> _WHAT TO PRODUCE_:
In the listing below, the answer starts at the line that has "Habitación Cuádruple Estándar, Hirado Kaijyo" and stops after the line that has "Antica Dimora Palazzo"; please repeat that part exactly and nothing more.
### ENTRIES SUPPLIED ###
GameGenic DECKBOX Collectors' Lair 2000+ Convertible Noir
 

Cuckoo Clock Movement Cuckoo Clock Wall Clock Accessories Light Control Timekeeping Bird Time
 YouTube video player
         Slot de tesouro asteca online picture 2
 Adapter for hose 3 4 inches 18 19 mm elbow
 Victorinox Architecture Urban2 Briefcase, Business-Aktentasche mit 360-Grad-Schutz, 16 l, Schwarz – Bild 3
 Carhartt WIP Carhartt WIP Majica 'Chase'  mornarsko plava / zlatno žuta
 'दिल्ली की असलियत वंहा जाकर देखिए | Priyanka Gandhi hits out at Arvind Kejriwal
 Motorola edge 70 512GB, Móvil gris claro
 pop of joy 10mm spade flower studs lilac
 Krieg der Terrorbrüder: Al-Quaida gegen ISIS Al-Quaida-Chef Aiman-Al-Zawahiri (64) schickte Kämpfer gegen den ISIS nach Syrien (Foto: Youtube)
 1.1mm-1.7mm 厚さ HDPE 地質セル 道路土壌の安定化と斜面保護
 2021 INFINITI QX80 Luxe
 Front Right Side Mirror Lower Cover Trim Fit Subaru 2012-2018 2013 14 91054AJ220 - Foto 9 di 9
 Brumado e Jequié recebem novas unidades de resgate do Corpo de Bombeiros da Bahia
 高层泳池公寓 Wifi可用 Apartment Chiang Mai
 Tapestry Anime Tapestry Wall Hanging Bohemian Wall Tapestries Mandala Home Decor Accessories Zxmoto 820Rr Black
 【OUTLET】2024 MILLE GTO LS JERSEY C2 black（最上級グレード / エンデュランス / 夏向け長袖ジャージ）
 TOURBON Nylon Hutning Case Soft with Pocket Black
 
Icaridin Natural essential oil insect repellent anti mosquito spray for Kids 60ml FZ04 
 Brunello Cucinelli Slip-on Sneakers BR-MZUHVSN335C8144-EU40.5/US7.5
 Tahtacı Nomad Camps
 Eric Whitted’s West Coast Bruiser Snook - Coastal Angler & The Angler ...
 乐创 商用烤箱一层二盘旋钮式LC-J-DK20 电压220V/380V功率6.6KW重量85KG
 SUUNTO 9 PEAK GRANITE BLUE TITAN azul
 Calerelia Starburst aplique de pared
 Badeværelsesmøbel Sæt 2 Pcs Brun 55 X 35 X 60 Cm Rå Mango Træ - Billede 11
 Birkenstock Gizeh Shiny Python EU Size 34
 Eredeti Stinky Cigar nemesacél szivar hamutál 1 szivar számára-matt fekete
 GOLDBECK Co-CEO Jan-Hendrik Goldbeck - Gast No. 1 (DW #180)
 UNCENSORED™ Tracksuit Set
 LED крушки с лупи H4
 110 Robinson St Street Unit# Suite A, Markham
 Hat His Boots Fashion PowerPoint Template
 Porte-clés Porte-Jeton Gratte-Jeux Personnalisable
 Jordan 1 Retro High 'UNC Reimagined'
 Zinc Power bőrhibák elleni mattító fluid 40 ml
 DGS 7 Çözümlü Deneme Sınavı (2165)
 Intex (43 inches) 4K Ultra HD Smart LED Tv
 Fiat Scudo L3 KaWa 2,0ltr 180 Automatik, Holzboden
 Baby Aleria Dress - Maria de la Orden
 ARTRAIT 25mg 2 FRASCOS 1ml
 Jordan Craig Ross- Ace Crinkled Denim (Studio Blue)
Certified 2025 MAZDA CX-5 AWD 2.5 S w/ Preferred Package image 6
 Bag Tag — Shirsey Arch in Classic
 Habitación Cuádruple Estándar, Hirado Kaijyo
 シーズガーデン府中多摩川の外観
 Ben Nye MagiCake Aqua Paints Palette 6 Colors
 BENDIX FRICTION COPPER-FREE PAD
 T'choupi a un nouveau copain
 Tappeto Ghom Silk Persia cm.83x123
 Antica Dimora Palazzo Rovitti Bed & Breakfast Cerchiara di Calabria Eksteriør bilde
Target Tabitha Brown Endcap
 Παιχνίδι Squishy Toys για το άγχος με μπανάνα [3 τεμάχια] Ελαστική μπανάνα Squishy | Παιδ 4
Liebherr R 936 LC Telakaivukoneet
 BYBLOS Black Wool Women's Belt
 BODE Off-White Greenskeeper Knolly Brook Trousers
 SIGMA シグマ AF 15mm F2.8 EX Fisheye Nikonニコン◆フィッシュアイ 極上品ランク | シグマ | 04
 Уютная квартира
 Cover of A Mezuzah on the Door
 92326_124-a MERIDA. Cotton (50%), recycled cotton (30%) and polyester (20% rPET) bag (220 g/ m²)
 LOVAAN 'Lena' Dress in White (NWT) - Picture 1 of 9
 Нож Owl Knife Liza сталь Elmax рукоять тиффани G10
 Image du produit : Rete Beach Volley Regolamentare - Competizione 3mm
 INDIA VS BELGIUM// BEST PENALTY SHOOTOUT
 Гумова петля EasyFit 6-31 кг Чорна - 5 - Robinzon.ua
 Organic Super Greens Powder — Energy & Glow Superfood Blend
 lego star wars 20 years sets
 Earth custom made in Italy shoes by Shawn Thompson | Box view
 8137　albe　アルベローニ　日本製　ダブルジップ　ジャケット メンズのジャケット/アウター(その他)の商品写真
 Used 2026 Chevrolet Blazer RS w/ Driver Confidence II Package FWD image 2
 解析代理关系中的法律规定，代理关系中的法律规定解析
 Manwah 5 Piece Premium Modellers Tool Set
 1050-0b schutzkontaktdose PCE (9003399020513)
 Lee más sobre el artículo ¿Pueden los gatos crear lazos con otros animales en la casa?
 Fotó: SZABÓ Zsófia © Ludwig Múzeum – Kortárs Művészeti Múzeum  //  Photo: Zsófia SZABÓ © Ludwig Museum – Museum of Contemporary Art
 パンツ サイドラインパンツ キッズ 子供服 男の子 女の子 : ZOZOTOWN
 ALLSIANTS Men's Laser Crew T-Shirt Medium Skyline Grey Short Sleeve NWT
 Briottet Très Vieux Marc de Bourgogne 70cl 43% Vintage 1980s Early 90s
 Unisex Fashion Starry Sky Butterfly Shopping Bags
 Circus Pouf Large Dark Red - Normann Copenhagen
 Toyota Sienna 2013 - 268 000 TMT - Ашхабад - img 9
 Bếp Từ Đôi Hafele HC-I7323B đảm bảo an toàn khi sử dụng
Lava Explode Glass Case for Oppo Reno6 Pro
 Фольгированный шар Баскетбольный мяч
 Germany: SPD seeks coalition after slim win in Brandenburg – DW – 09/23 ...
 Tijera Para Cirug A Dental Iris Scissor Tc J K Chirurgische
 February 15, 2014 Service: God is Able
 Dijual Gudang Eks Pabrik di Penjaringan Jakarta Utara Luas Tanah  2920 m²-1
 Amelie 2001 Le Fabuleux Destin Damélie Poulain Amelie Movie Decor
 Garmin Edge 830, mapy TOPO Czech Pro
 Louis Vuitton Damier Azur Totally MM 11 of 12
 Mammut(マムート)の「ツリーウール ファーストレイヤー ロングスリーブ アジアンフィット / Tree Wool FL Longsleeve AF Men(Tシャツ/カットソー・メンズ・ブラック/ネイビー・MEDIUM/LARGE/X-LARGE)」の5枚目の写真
###
> _YOUR SOLUTION_:
 Habitación Cuádruple Estándar, Hirado Kaijyo
 シーズガーデン府中多摩川の外観
 Ben Nye MagiCake Aqua Paints Palette 6 Colors
 BENDIX FRICTION COPPER-FREE PAD
 T'choupi a un nouveau copain
 Tappeto Ghom Silk Persia cm.83x123
 Antica Dimora Palazzo Rovitti Bed & Breakfast Cerchiara di Calabria Eksteriør bilde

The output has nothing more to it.